The Portmaster does make any configuration changes to the network stack or interfaces.

what i did so far: disabled the startup of PortmasterCore service and auto startup of portmaster-start.exe app

That will suffice.

[Roki100]

So far when portmaster is disabled everything seems to work fine for around ~6 hours, so it surely was the cause, but getting to the point: Getting you a minidump of the crash might be a problem, because for some reason the files are already gone 🤔 first thing i did was opening bluescreenview and all i can provide is a tiny bluescreenview export i made by accident, which i dont think will be helpful:

==================================================
Dump File         : 040222-20968-01.dmp
Crash Time        : 02.04.2022 02:50:50
Bug Check String  : 
Bug Check Code    : 0x00000133
Parameter 1       : 00000000`00000000
Parameter 2       : 00000000`00000501
Parameter 3       : 00000000`00000500
Parameter 4       : fffff803`740fb320
Caused By Driver  : ntoskrnl.exe
Caused By Address : ntoskrnl.exe+3f70d0
File Description  : 
Product Name      : 
Company           : 
File Version      : 
Processor         : x64
Crash Address     : ntoskrnl.exe+3f70d0
Stack Address 1   : 
Stack Address 2   : 
Stack Address 3   : 
Computer Name     : 
Full Path         : C:\WINDOWS\Minidump\040222-20968-01.dmp
Processors Count  : 16
Major Version     : 15
Minor Version     : 19041
Dump File Size    : 6 458 804
Dump File Time    : 02.04.2022 16:58:56
==================================================

Not sure why my windows deletes the dumps "early" (this happens for a pretty long time), but if needed i can re-enable portmaster and wait for a next bsod to provide a full dmp, i assume windows deletes minidumps when being somewhat low on disk space but i am not sure how that works What is also interesting is the fact the "Caused by driver" is the kernel itself, where the obvious issue is portmaster somewhere 🤔

[dhaavi]

Getting the Minidump would be really great!

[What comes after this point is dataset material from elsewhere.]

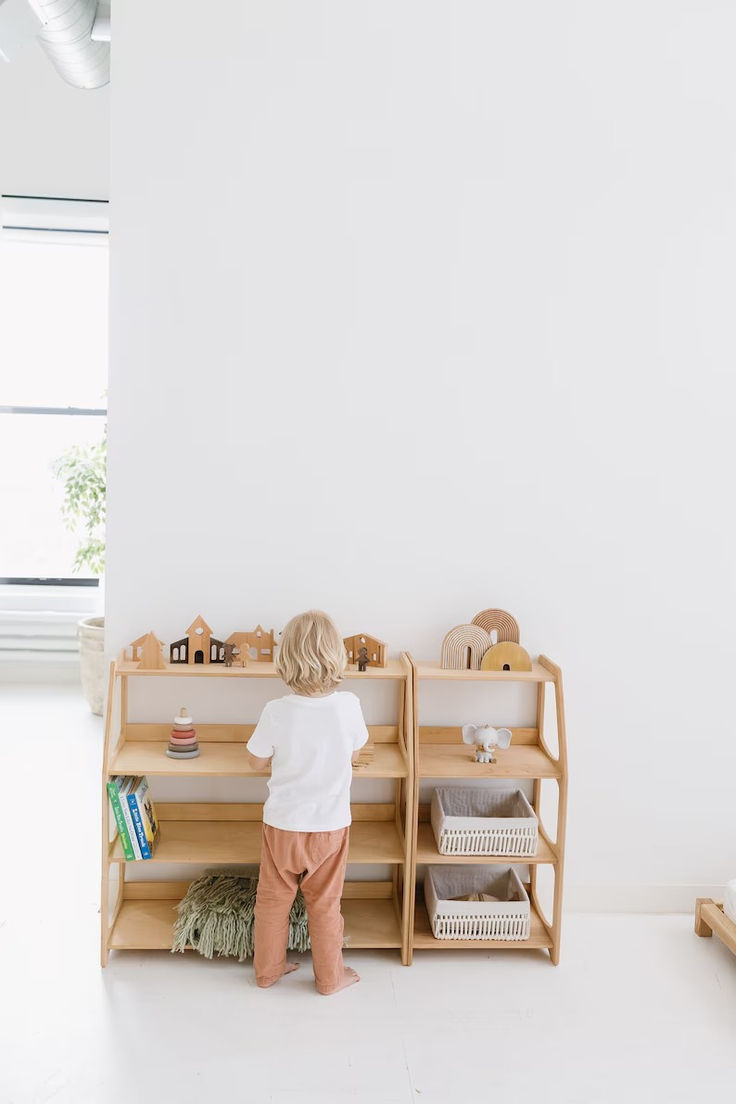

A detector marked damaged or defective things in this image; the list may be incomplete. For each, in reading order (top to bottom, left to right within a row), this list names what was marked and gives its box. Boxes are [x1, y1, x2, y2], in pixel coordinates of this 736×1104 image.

I am quite surprised how often this happens on your device. Do you remember if there was more network traffic than usual when it happened?

[Raphty]

I am cleaning out old issues. If you feel this issue should not have been closed let me know.

Please keep in mind, the free version of Portmaster only has limited support. For free users our active Discord community as well as the chat bot are the fastest and best way to get their help. https://discord.gg/safing If you find our work brings value to you, please consider supporting it by purchasing Plus or Pro Packages https://safing.io/pricing/. If you are already a subscriber, first Thank You! and also if you want priority support pleas send in an email and let me know your username so I can prioritize your request accordingly.

[Roki100]

I actually forgot about this issue, sorry lol, ALTHOUGH i gotta admit its sad to see portmaster to be yet another software to join the money-greedy side (after what? a year since i last checked?), i was hoping i'll use it one day again but i guess my hopes were too high it seems :/

[Raphty]

not sure what you see as money greedy. we are giving away a lot of work for free. the development of Portmaster took years, and we all have to eat.